Friday, March 11, 2011

twitter in the shitter

it seems that for the popular microblogging site twitter, you just can't win.

in back-to-back wire service stories out tonight, twitter is getting spanked by the US feds both for being to secretive and not secret enough. it's almost enough to cause motion sickness.

from bloomberg comes news that a federal judge here in the government's backyard (alexandria, va.) has sided with the government's contention that twitter must release account data of three people targeted in the witch hunt against wikileaks.

in affirming the earlier decision, "[U.S. Magistrate Judge Theresa] Buchanan on Dec. 14 ordered Twitter to give the government records and information related to the accounts of several identified individuals and anyone else linked to Assange. Prosecutors asked for subscriber names, contact information, billing records, user activity, Internet Protocol addresses and source and destination e-mail addresses."


the judge also rejected arguments that the government should be compelled to  unseal all records in the court file related to prosecutors’ efforts to get information from Twitter and any other companies." tough luck, guys.


on the other hand, the federal trade commission came down hard on twitter for making it too easy for hackers to guess administrative passwords on the site, allowing the hackers to make posts impersonating president obambi, and well as former CNN presenter rick sanchez.


 "i am high on crack right now might not be coming into work today," someone posted under sanchez' screen name. at least they had a better sense of humor than the FTC.


the PCMag story on this tempest in a shit-pot went on to explain, "Twitter is banned for the next 20 years from misleading consumers about the extent to which it protects the security and privacy of non-public information, the FTC said. Twitter must also establish a comprehensive information security program, which will be assessed by an independent third party every other year for the next 10 years."


twenty years is a long time in the dot-com biz, and it's almost unfathomable that someone misusing 140 characters could motivate the government regulatory apparatus to come crashing down with all its weight on twitter over the actions of some low-level moron.


this is all, however, quite unexceptional in today's america. on the one hand, twitter gets reamed  because the company "deceived consumers and put their privacy at risk by failing to safeguard their personal information," the FTC said.


at the same time, when twitter takes responsibility to safeguard its users' private usage information, the government is all over its ass about it: disclose, and don't tell anybody! and that last is the clincher: the entire wikileaks imbroglio is about unreasonable, unnecessary government secrecy -- a betrayal of the values of openness and transparency that are at the core of the US system of government.

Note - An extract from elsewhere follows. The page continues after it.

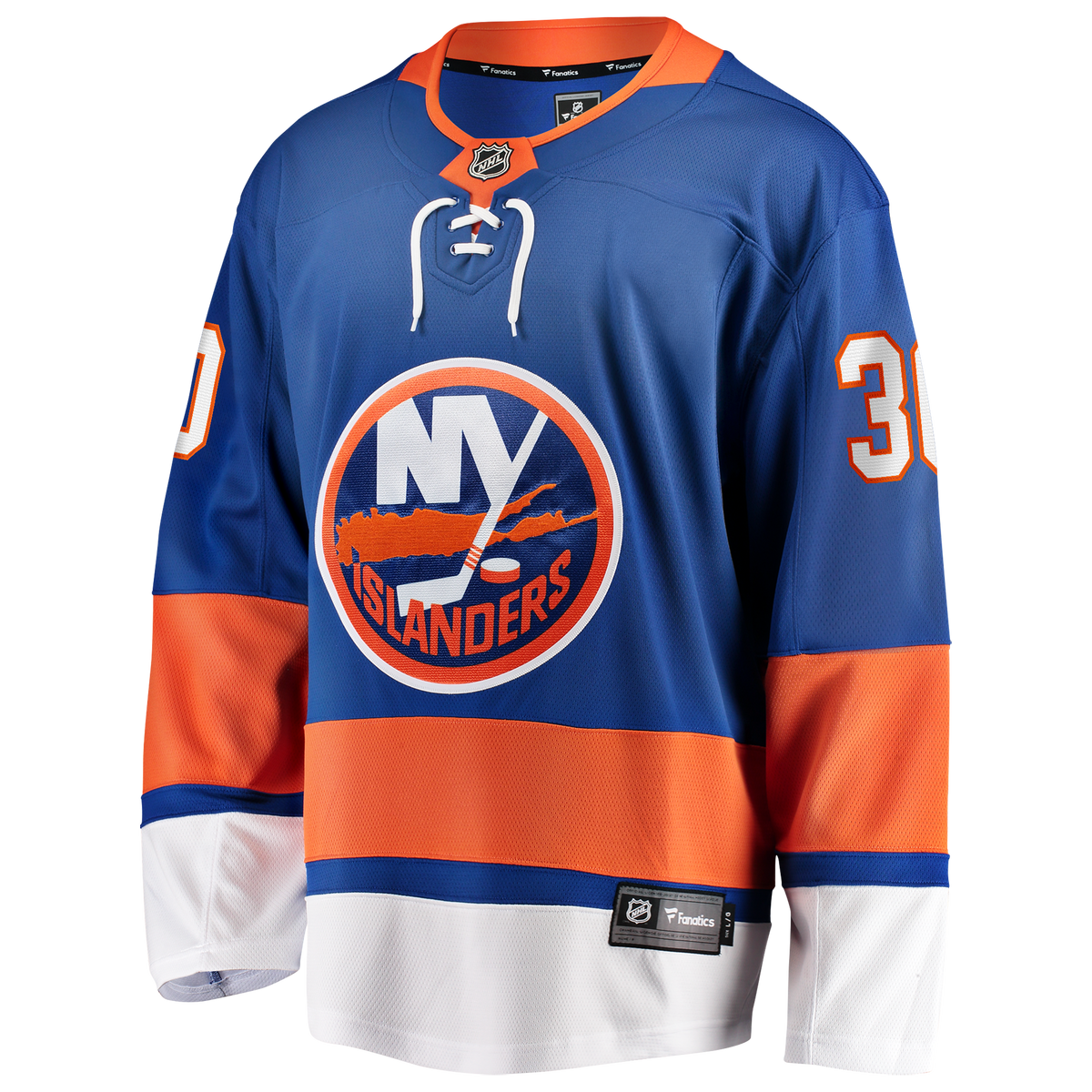 New York Islanders Fanatics Home Breakaway Jersey - Royal - Ilya Sorokin - Mens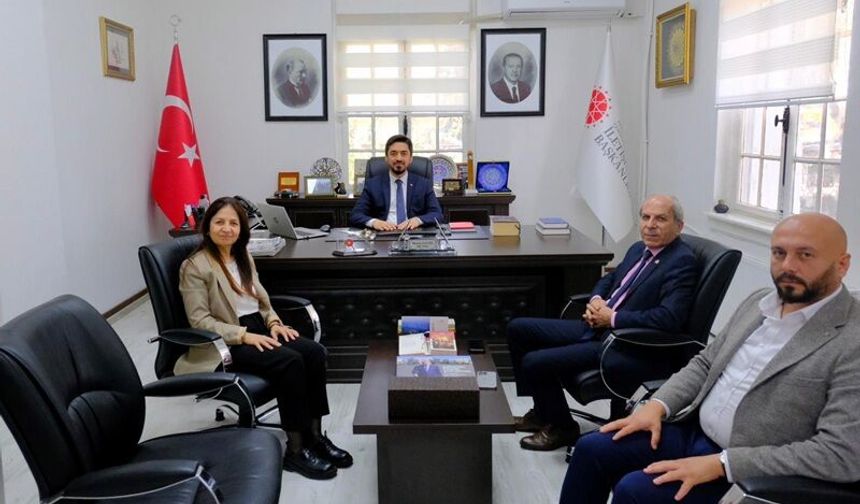 AGF’den İletişim Başkanlığı Adana Bölge Müdürü Yalınız’a Ziyaret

the conspiracy that should be investigated is the one that runs a shadow government that isn't under the law -- it operates by decree, and serves the interests of its wealthy patrons instead of the public whose assent legitimizes its very existence. this government, to protect its own "privacy," doesn't mind playing with the lives of those few brave souls who chose to expose rather than abet the grotesque machinations of a rogue regime.


i don't use twitter -- never have even used the site. just like everything else in "cyberspace," the government demands unfettered access to everyone else's secrets, while jealously guarding its own.


alas, to the american public, the privacy of the twitter password is probably of greater importance than the openness of their government, and the nightly humiliation of bradley manning might seem like just a frat-boy prank, compared with aiding the "enemy" whose identity is never revealed.


if people were to discover exactly who that unnamed enemy is, they might be very surprised.